Of the remaining 18 clusters that caused no human-to-human transmission, eleven, six and one occurred in the village living environment, fields and tea garden respectively. Further details are provided in Table 1.
The median number of infected individuals among clusters with and without secondary human-to-human transmission was 2.0 (2.0–2.0) and 3.0 (2.0–6.0), respectively (you= 71.00, P= 0.003). The transmission pattern of SFTS clusters with and without secondary human-to-human transmission is summarized in Fig. 3.
Risk assessment of different modes of transmission among clusters that caused human-to-human transmission
Blood contact infection showed higher DAS than nonblood contact infection [50.6% vs 3.0%, RR = 16.61, 95% confidence interval (CI): 10.23–26.67, P < 0.05]. Infection by contact with a bleeding corpse showed a higher SAR than infection by blood contact during hospital care (i.e. RR= 1.93, 95% CI: 1.11–3.37, P
Mortality risk factors among clusters
Univariate analysis of risk factors revealed that a longer time interval from onset to diagnosis (you= 796; Pχ2= 4.56; Pyou= 6.09, Pχ2= 11.51, Pχ2= 0.04, P> 0.05). Further details are provided in Table 3.
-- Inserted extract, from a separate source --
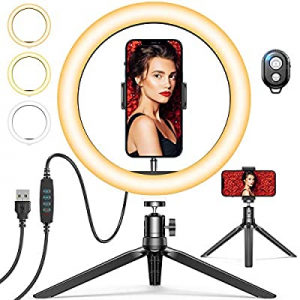 10" Selfie Ring Light with Tripod Stand & Phone Holder, GPEESTRAC Desk Beauty Circle LED Ringlight f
Statistically significant variables in the univariate analysis were included in the binary logistic regression model as independent variables. This model showed that the time interval from onset to diagnosis [odds ratio (OR) = 1.385; 95% CI: 1.083–1.722, P = 0.009] and old age (WHERE= 1.095; 95% CI: 1.031–1.163, P= 0.003) were risk factors for mortality in these clusters. Specifically, the interval from onset to diagnosis and age were positively correlated with mortality risk (Table 4).